Question

How do you use the Pythagorean Theorem to find the missing side of the right triangle with the given measures: b = 5, c = 8?

Answer 1

Side A is `sqrt(39)` or 6.244997998.

Explanation:

Right, let write down the Pythagorean Theorem equation or standard form of it. before we plug in the numbers.

`a^2 + b^2 = c^2`

Right, so that is the equation of Pythagorean Theorem. So let plug in the numbers of b and c.

`a^2 + 5^2 = 8^2`

So we have our values of b and c. Now, how do we find the missing number?

Well, let simplify thing further by squaring the numbers we have already.

`a^2` + 25 = 64

We will now subtract 25 from both side which gives us:

`a^2` = 39

Now we can square root the answer.

`sqrt(a^2)` = `sqrt(39)`

Now, we are left with this:
a = `sqrt(39)`

Now, I am unsure if you want decimals or not. But if you were to square 39 into your calculator by pressing a few keys, it would give you this unless you switched mode.

On my calculator model of TI-36XPro, I pressed "mode" and went to the bottom and switched from Hathprint to Classic which gives me decimals of square roots.
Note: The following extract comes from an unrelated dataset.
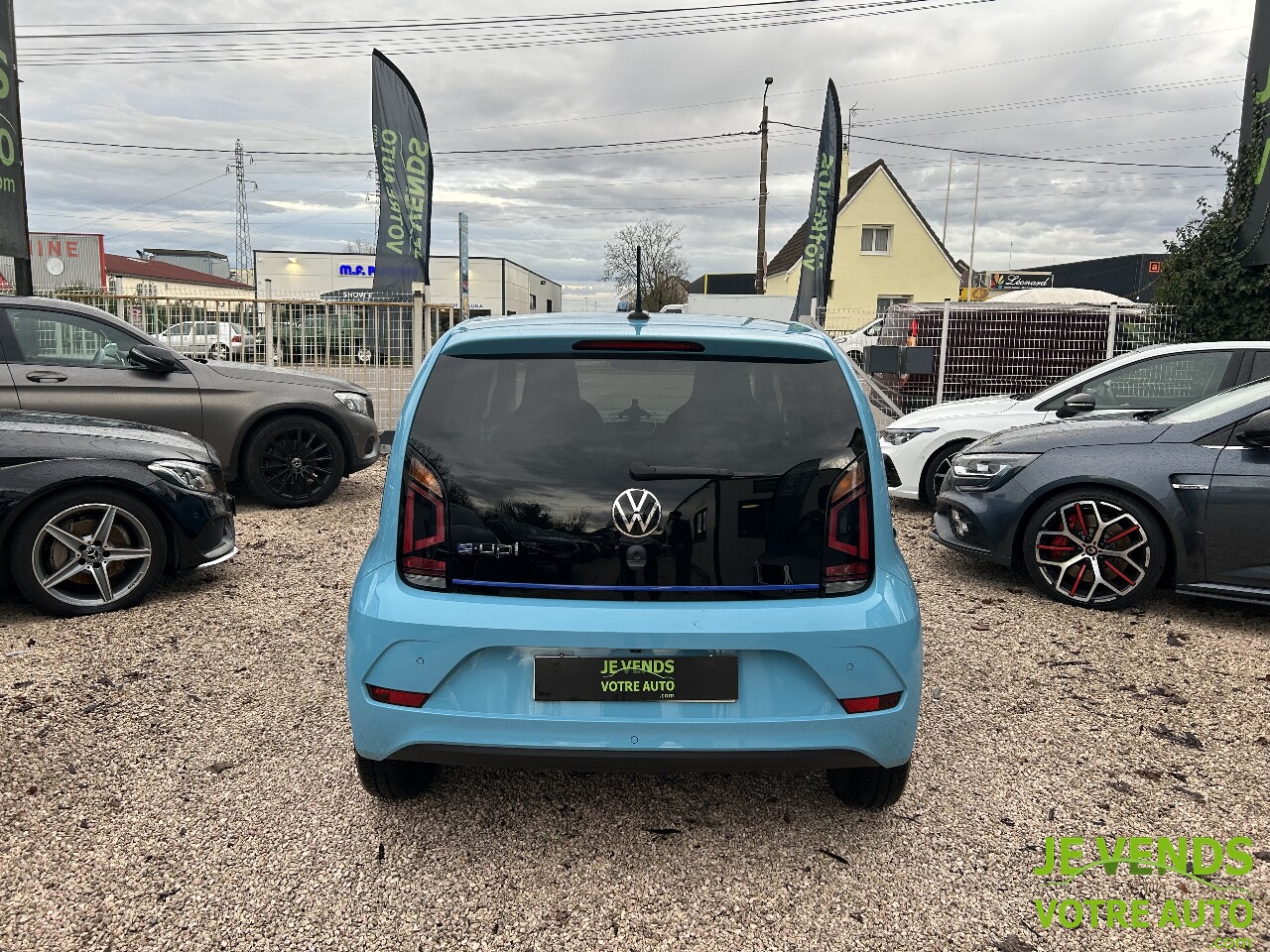 VOLKSWAGEN UP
So the final answer is `sqrt(39)` or the decimal value of `sqrt(39)` is 6.244997998.

Answer 2

`a = sqrt39`

Explanation:

The Pythagorean Theorem is `a^2 + b^2 = c^2`

You can then substitute the numbers b and c to get:
`a^2+5^2=8^2`
`a^2+25=64`

You can then make `a^2` on its own by `-25`
`a^2=39`

Then square root both sides to get:
`a = sqrt39`

Answer 3

If you are finding the hypotenuse

`5^2+8^2=a^2`

`25+64=a^2`

`a=sqrt89`

a=9.433981132

If `c` is the hypotenuse then

`8^2-5^2=a^2`

`64-25=a^2`

`a=sqrt39`

a=6.244997998